╭──

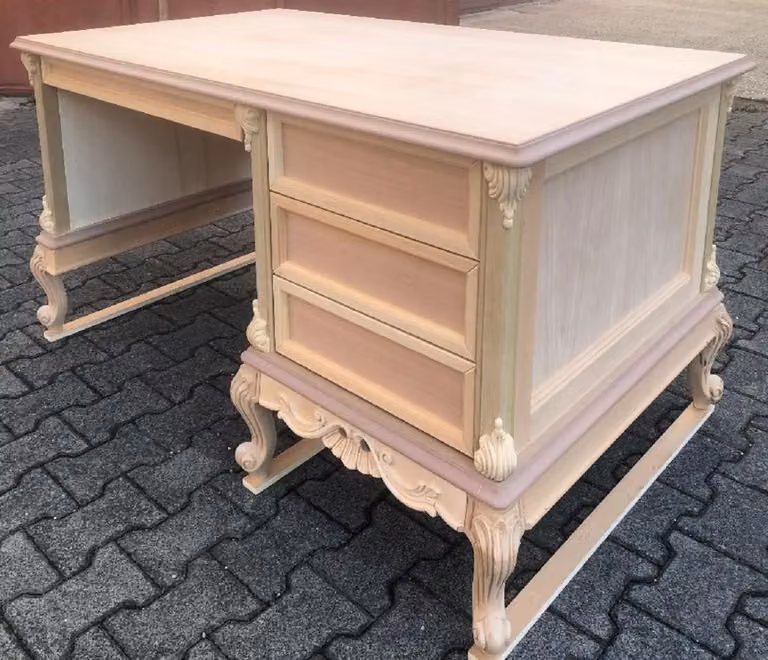 Casa Padrino scrivania barocca con 4 cassetti bianco/oro - Magnifica scrivania in legno massiccio lavorata a mano - Mobili da ufficio barocchi - Qualità eccellente - Italy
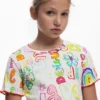 Kurzes Kleid mit Schriftzug Kurzes Kleid mit Schriftzug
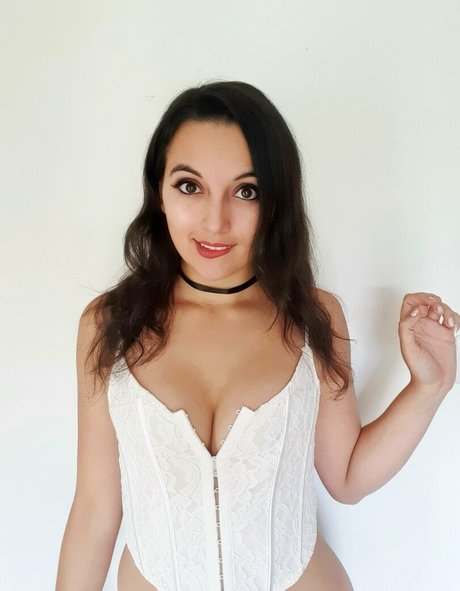 fox02summerfree 完璧なモデル 画像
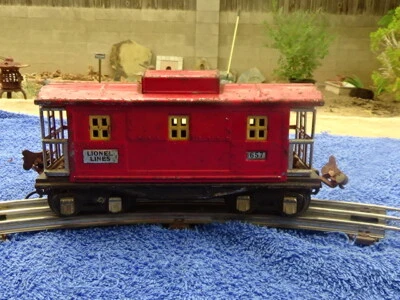 VINTAGE PREWAR ORIGINAL CONDITION LIONEL Lines RED Caboose #657 - Image 1 of 4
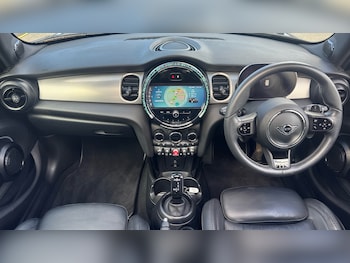 Used MINI Hatch 2023 for sale - 78176368: Photo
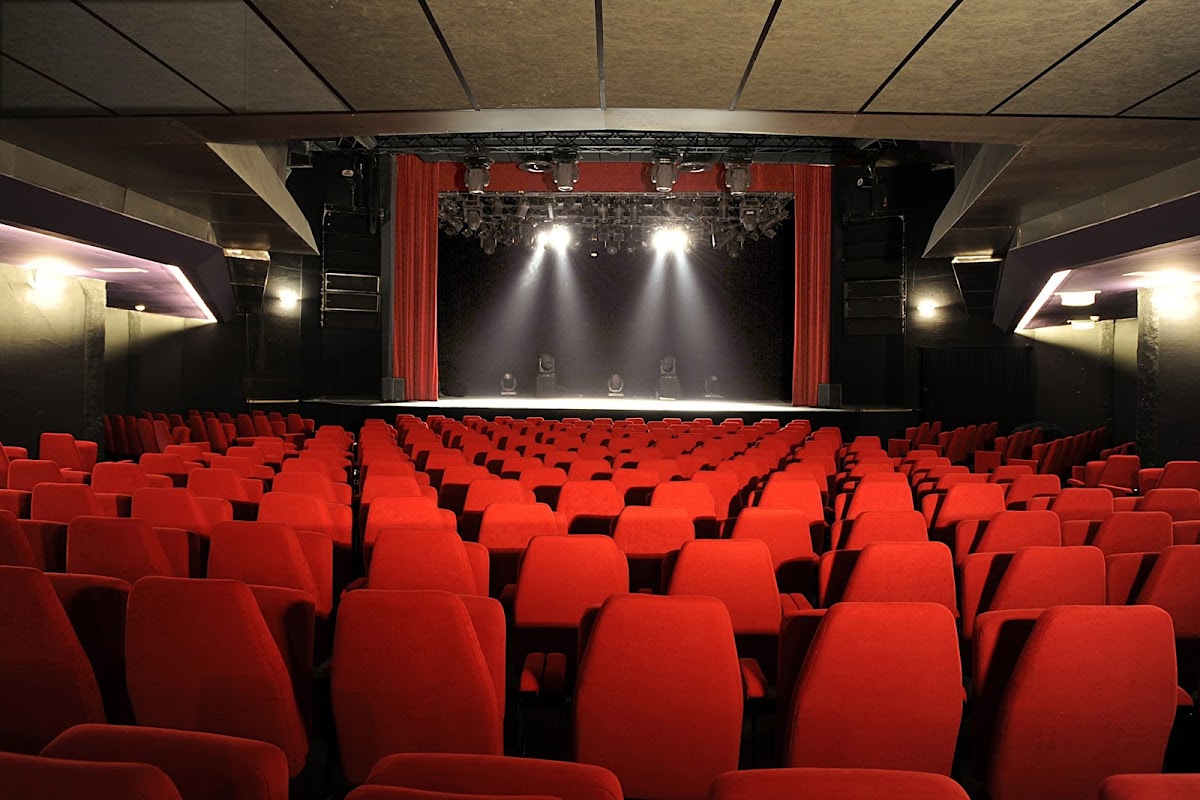 Alhambra Théâtre Music-Hall Show, vue extérieure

╰──

Task item:
Return exactly, with no pictures, each line from the one that contains "Used MINI Hatch" through the end of the entries above, both ends included.

Task answer:
 Used MINI Hatch 2023 for sale - 78176368: Photo
 Alhambra Théâtre Music-Hall Show, vue extérieure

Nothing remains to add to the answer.